> _WHAT THE TASK ASKS_
From the entries below, output the line with "For the Dracai" and each following line up to and including the line with "conto online credit agricole", exactly as written.

> _AVAILABLE DATA_
━━━━━━━━━━━━━━━━━━━━

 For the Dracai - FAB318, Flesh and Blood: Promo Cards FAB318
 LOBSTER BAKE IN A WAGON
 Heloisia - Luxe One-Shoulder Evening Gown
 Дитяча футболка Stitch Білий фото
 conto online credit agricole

━━━━━━━━━━━━━━━━━━━━

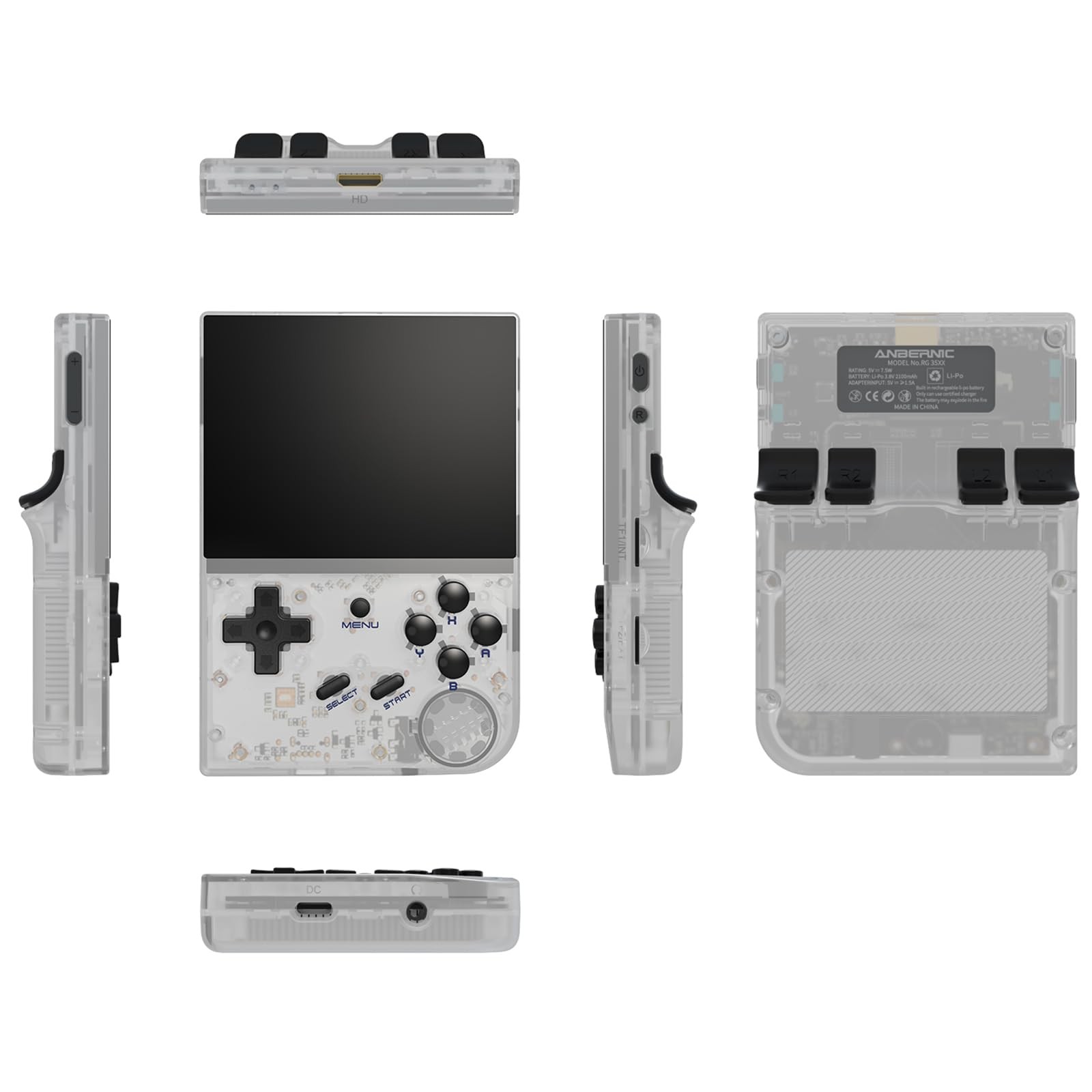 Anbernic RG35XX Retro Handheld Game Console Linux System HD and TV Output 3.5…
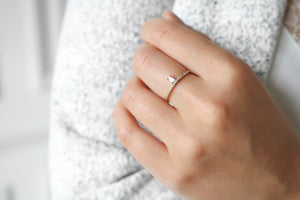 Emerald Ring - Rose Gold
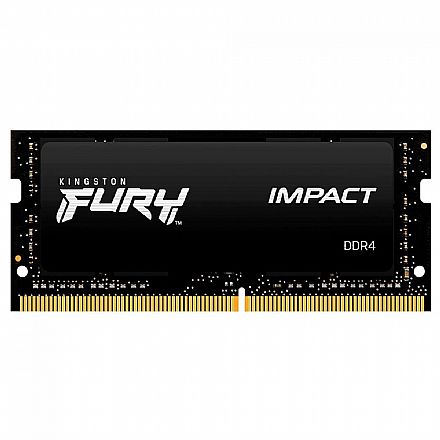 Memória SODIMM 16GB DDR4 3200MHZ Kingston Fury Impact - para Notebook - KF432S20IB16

━━━━━━━━━━━━━━━━━━━━

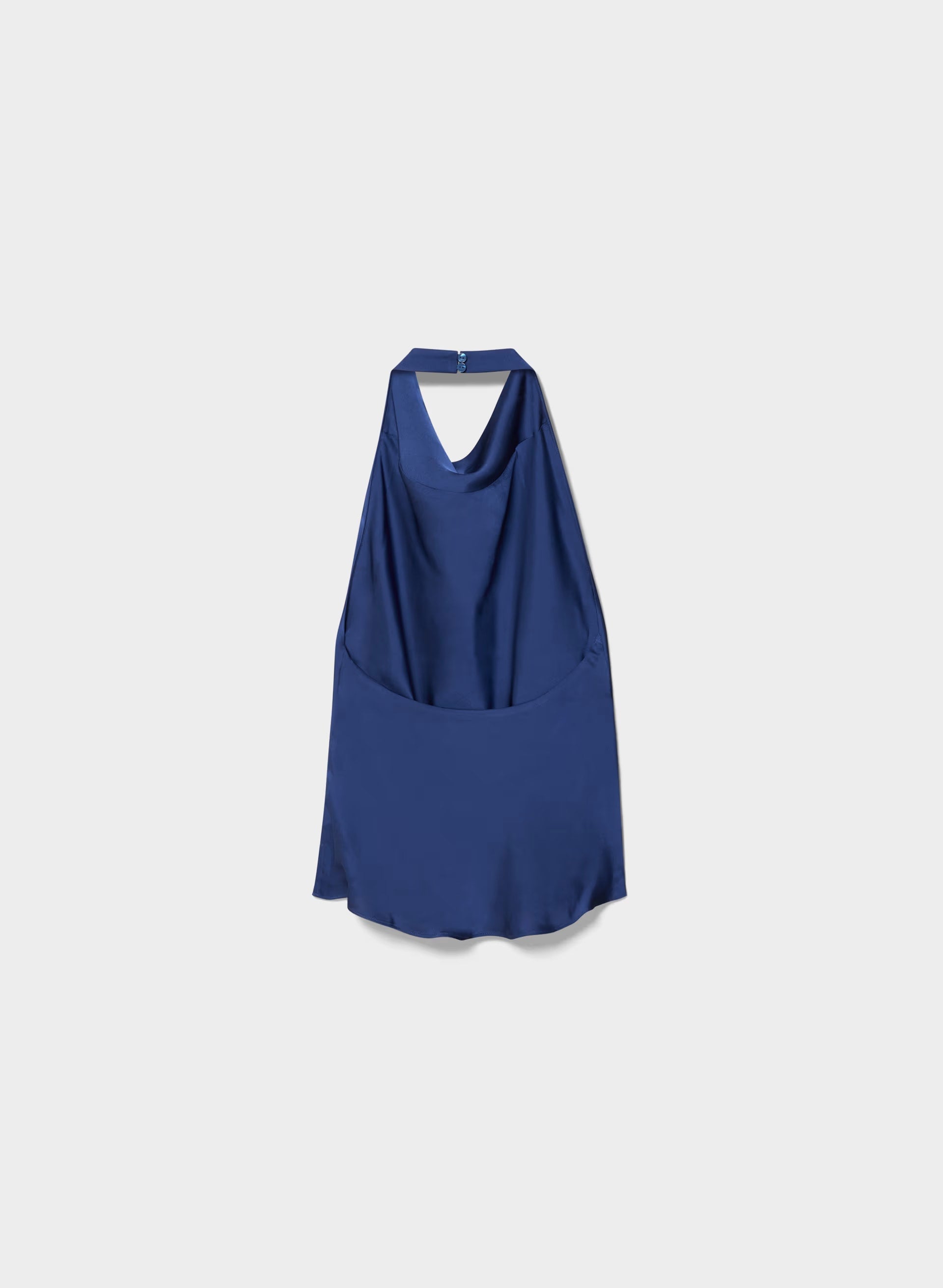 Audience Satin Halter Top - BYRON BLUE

━━━━━━━━━━━━━━━━━━━━

> _RESULT_
 For the Dracai - FAB318, Flesh and Blood: Promo Cards FAB318
 LOBSTER BAKE IN A WAGON
 Heloisia - Luxe One-Shoulder Evening Gown
 Дитяча футболка Stitch Білий фото
 conto online credit agricole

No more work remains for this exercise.